- [What is expected]
With pictures left out, output word for word the lines from the one containing "Elidel (Pimecrolimus cream)" through the end of the material below.

- [Dataset extract]
* * * * *
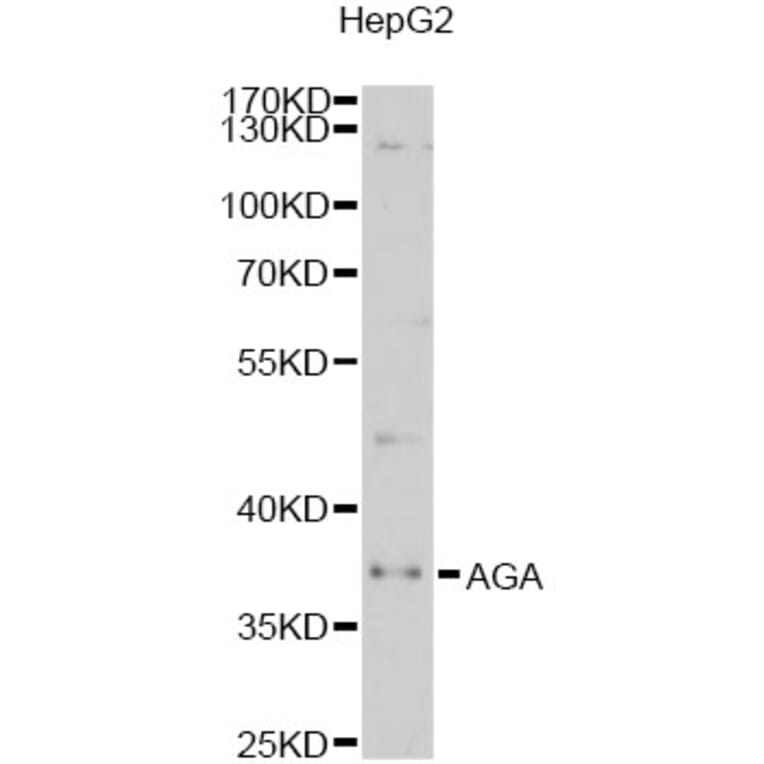Western Blot - Anti-AGA Antibody (A6352) - Antibodies.com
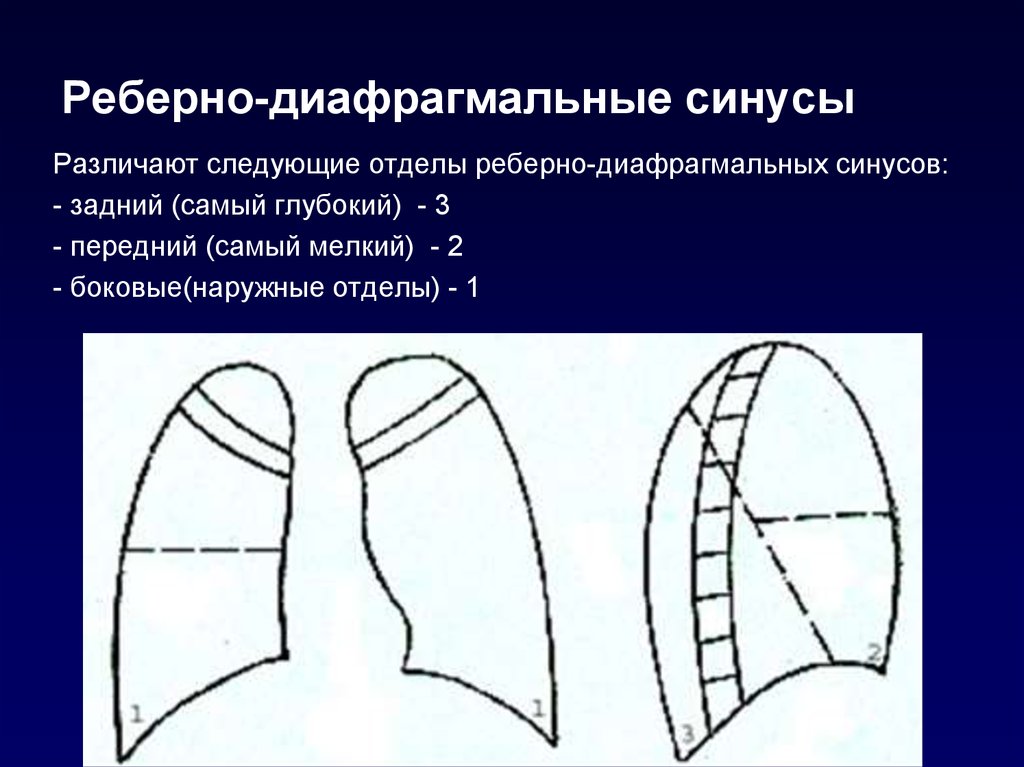 Реберно диафрагмальный синус. Реберно медиастинальный синус. Ркбернодиафрагиальный синцс. Ребро-диафрогмальные синусы.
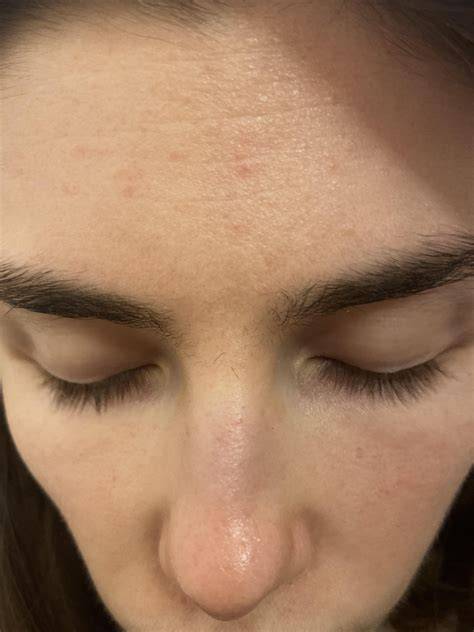 Elidel (Pimecrolimus cream) ruined my skin?? Is it possible? Please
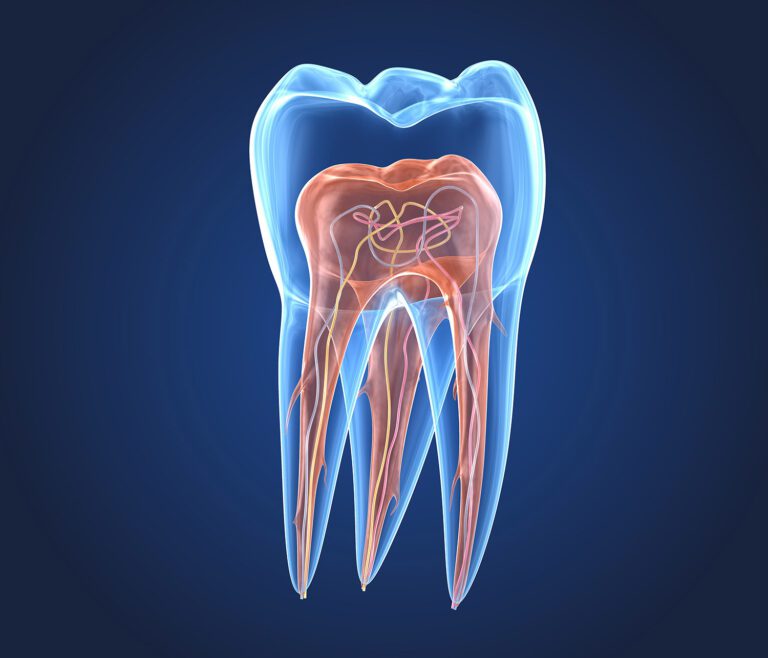 traitement endodontie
* * * * *
- [The answer]
 Elidel (Pimecrolimus cream) ruined my skin?? Is it possible? Please
 traitement endodontie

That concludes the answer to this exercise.